Exactly the lines from the one with "Doppel-Spind mit Großtür, Garderobenschrank" through the end of the data below must be set down, and no pictures with them.

Provided material
========================================

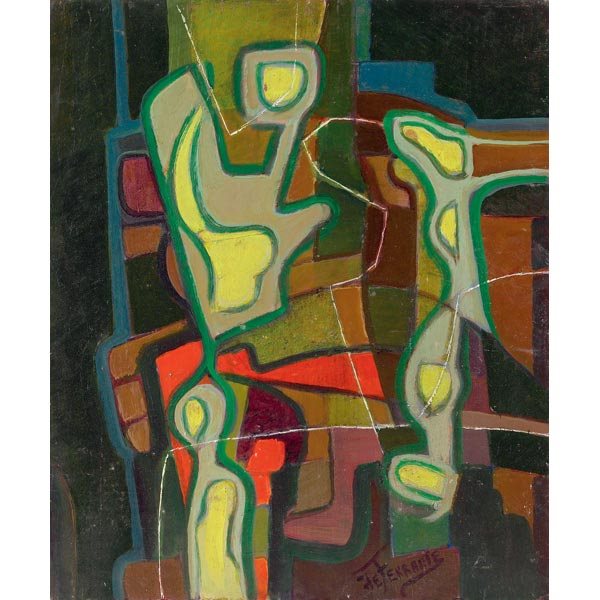 Mario de Ferrante, oil: Mario de Ferrante (Italian/American, 1898-1992), "Untitled", c.1950; oil/board, 24" x 18", signed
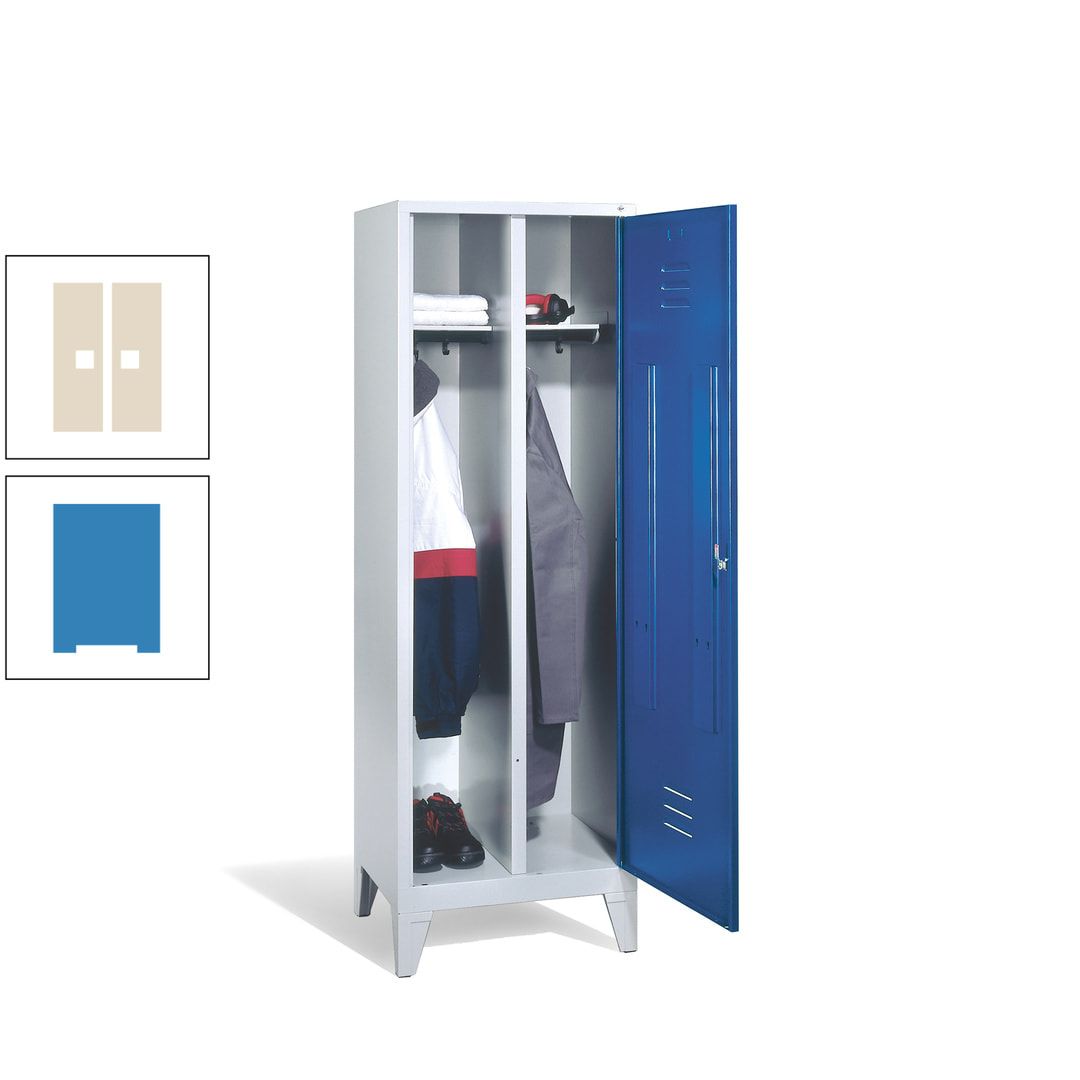 Doppel-Spind mit Großtür, Garderobenschrank mit Füßen, 2 Abteile a 300 mm, Korpus anthrazitgrau, Tür anthrazitgrau, 1.850 x 610 x 500 mm (HxBxT)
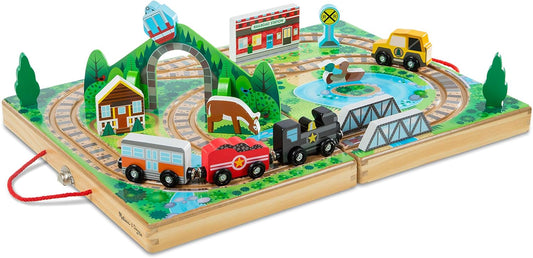 Melissa & Doug Melissa Doug 17-Piece Wooden Take-Along Tabletop Railroad 3 Trains Truck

========================================

Answer to this problem
 Doppel-Spind mit Großtür, Garderobenschrank mit Füßen, 2 Abteile a 300 mm, Korpus anthrazitgrau, Tür anthrazitgrau, 1.850 x 610 x 500 mm (HxBxT)
 Melissa & Doug Melissa Doug 17-Piece Wooden Take-Along Tabletop Railroad 3 Trains Truck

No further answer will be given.